WASHINGTON--The "pay-for-performance" model that determines executive pay is crucial for the viability of companies and the health of the U.S. economy, finds a study released by the Cato Institute.
"The economic slowdown and active political season are generating calls for imposing new regulations on executive pay. This push for overregulation, which is driven by misperceptions about the labor market for executive talent, is unfortunate because the current competitive system has helped fuel business growth and created a wealth of economic opportunities," say the authors of "Executive Pay: Regulation vs. Market Competition."
In the study, Ira T. Kay, global practice director of executive compensation consulting at Watson Wyatt Worldwide, and Steven Van Putten, a leader of Watson Wyatt's executive compensation consulting practice, examine the process that boards use to determine pay packages, including supply and demand and the incentive payouts that are generally determined by performance. The findings reveal that corporate pay is generally fair and justified.

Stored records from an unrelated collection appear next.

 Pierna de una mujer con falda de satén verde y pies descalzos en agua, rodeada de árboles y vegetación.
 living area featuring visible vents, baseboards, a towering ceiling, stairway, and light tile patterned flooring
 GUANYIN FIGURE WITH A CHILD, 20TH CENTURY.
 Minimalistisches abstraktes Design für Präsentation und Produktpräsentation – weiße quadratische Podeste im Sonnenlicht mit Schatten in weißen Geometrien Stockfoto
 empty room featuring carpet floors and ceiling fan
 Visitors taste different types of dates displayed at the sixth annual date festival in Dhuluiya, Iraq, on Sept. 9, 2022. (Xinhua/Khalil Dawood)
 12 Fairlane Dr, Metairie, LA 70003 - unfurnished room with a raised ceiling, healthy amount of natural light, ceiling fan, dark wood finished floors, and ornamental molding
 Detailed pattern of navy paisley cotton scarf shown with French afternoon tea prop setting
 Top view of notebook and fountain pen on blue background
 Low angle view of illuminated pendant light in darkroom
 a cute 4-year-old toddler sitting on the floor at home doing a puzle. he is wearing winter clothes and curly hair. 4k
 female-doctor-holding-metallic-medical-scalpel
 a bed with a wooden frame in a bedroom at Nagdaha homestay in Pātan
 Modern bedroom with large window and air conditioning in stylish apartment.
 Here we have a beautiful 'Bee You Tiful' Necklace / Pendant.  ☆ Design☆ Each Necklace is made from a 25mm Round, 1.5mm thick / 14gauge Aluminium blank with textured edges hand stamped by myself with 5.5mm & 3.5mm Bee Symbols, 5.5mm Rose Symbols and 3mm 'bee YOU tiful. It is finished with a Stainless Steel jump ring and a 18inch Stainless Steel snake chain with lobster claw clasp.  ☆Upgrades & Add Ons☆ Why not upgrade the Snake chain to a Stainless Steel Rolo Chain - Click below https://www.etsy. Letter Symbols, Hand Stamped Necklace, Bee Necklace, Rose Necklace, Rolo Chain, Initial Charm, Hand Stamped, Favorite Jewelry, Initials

The authors lament that the U.S. labor market for corporate executives is an unfortunate exception to the general U.S. policy of minimizing labor market regulation. "Critics have argued that the labor market for executives does not reflect supply and demand for executive talent, and that executives essentially set their own pay through power over their board of directors. We refer to this view as the 'myth of managerial power.'"
The authors conclude: "The U.S. corporate model that has generated so much wealth for American citizens will be seriously damaged if we take away or severely restrict the system of risks and rewards that attracts talented executives and pays them to make the right decisions on a sustained basis."